C6Run: bad DSP performance

Anton Kapustin

Other Parts Discussed in Thread: OMAP3530, OMAP-L138

Hi!

Recently I started to use C6Run utility. So, I had very strange results, when I built included examples. It looks like performance of Arm core is mach faster then DSP core, around 10 times faster (for Fourier transform). How It can be happened? I want to understand - whats wrong in my actions? Where the bottleneck? Should I modify some configure files, or use any keys during compillation? Maybe increase memofy size for DSP?
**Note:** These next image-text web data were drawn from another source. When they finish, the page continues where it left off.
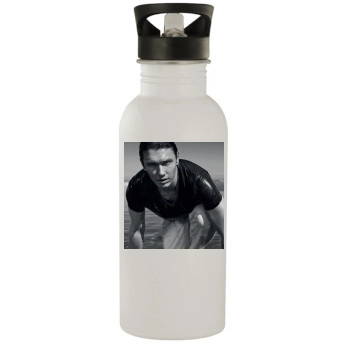 James Franco Stainless Steel Water Bottle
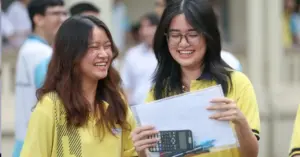 Thi tốt nghiệp THPT 2026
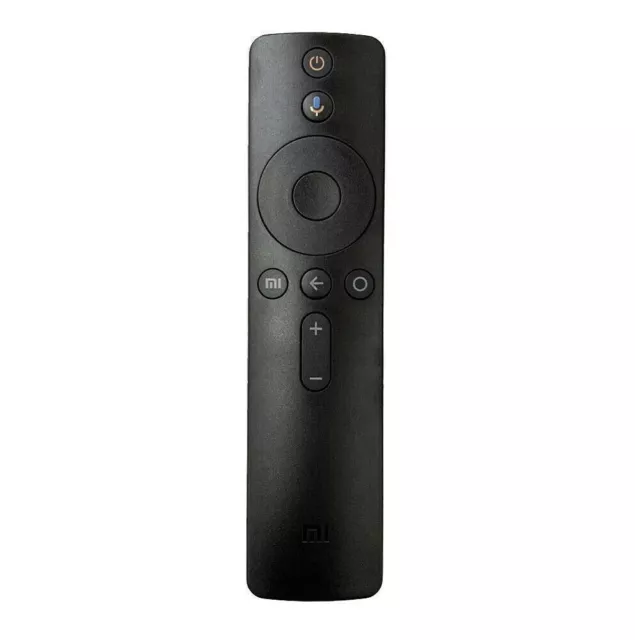 New Replacement For Xiaomi Mi Smart TV 4S Kit Bluetooth Voice Remote Control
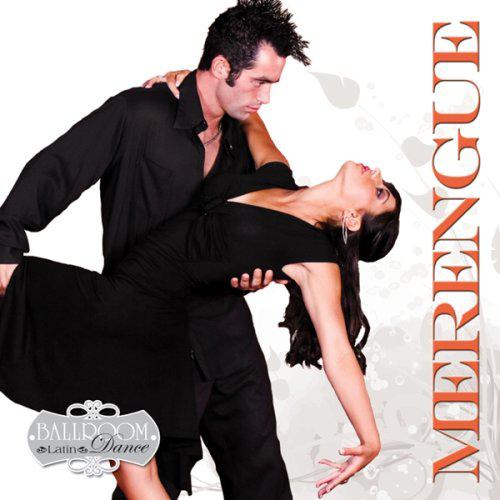 Merengue - LATIN BALLROOM DANCE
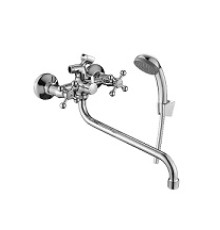 DECOROOM DR54045 смеситель для ванн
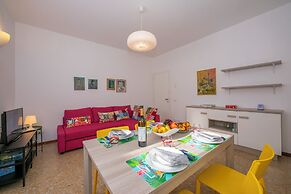 Apart Lago Blu 200m From Lake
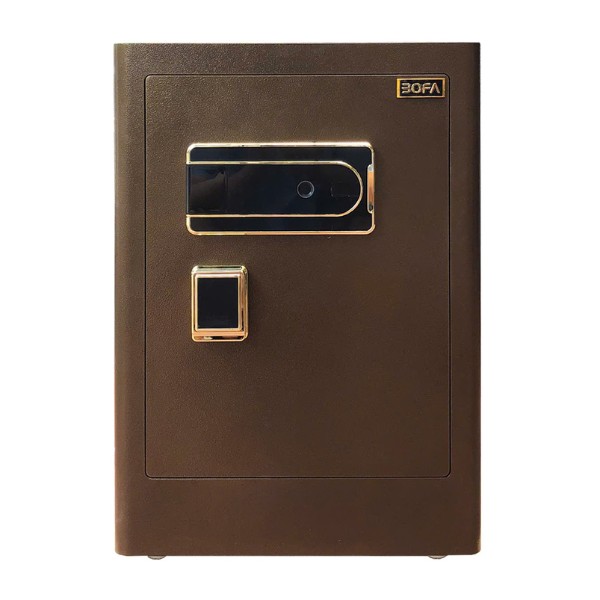 Két sắt mini Bofa ZB-60DJ vân tay chính hãng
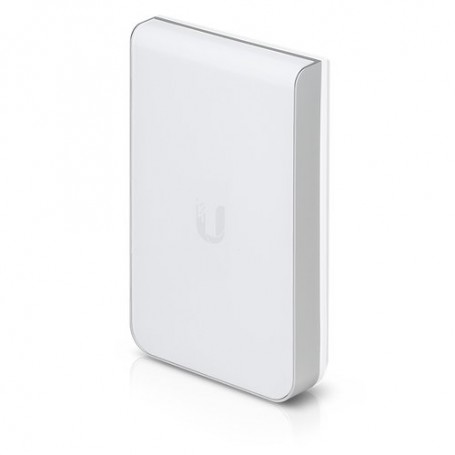 UBIQUITI UniFi AP, AC, In Wall, 5-Pack U AP-AC-IW-5 2.4GHZ/300M 5GHZ/867M 802.11A/B/G/N/AC-5 PACK (ALIMENTATORE POE NON I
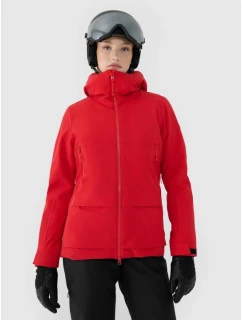 Lyžařská bunda 4FPRO dermizax 20000/20000 membrána dámská 4F 4FSAW24TTJAF0785-62S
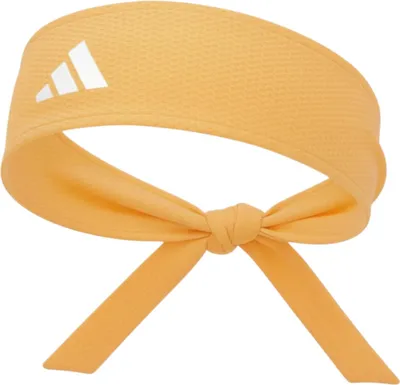Produktbild von Adidas Tennis Tieband A.R Schweißband Headband Gr. OSFM Gelb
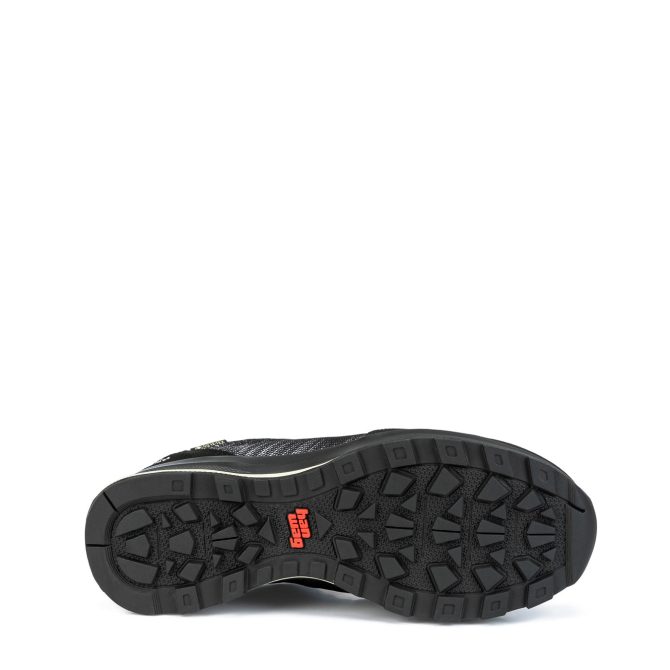Hanwag Womens Klarsby Low Bunion Lady GTX Black / Frost - Image 4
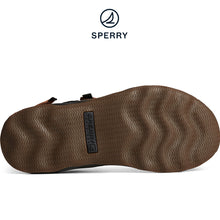 Load image into Gallery viewer, Sperry Rivington Leather--Brn-Brown
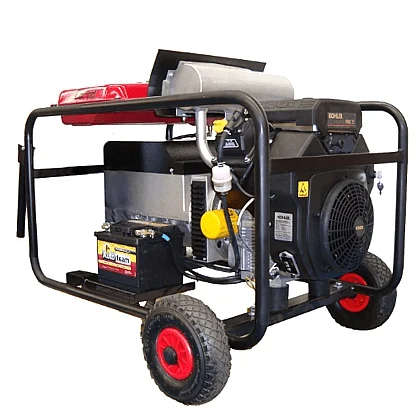Generador eléctrico gasolina 10 kVA Kohler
I use last C6Run, as well as other recommended dependent tools. Processor - OMAP3530, Linux distr - Angstrom on Tsunami Board from Technexion.
Below - results of using example (here - c6runlib, for c6runapp actually same results).

root@taodemo:~/TAO_INSTALL/examples/c6runlib/emqbit# ./cfft_arm
N=16,nTimes=100: 0.001342 s
N=32,nTimes=100: 0.002167 s
N=64,nTimes=100: 0.005249 s
N=128,nTimes=100: 0.012237 s
N=256,nTimes=100: 0.027558 s
N=512,nTimes=100: 0.062409 s
N=1024,nTimes=100: 0.138458 s
N=2048,nTimes=100: 0.307709 s
N=4096,nTimes=100: 0.675507 s
N=8192,nTimes=100: 1.4874 s
N=16384,nTimes=100: 3.2832 s
root@taodemo:~/TAO_INSTALL/examples/c6runlib/emqbit# ./cfft_dsp
N=16,nTimes=100: 0.084748 s
N=32,nTimes=100: 0.096069 s
N=64,nTimes=100: 0.120972 s
N=128,nTimes=100: 0.180298 s
N=256,nTimes=100: 0.317017 s
N=512,nTimes=100: 0.622894 s
N=1024,nTimes=100: 1.30252 s
N=2048,nTimes=100: 2.79202 s
N=4096,nTimes=100: 6.03702 s
N=8192,nTimes=100: 13.1281 s
N=16384,nTimes=100: 28.6032 s

over 12 years ago

0 Daniel Allred over 12 years ago

TI__Genius 17355 points

The issue here is that the example is not particularly suited for the OMAP3530 device, since this is a floating point benchmark. The DSP on the OMAP3530 is the C64x+, which is fixed point only, while the Cortex A8 ARM core does have floating point capabilities. This example was originally created for the OMAP-L138 part, which has the reverse - a fixed-point ARM and a floating-point DSP.

Regards, Daniel

0 Anton Kapustin over 12 years ago in reply to Daniel Allred

Prodigy 120 points

Thank you, Daniel!

And have I any possibilities to increase calculation speed for DSP core in OMAP 3530 for floating point math operations?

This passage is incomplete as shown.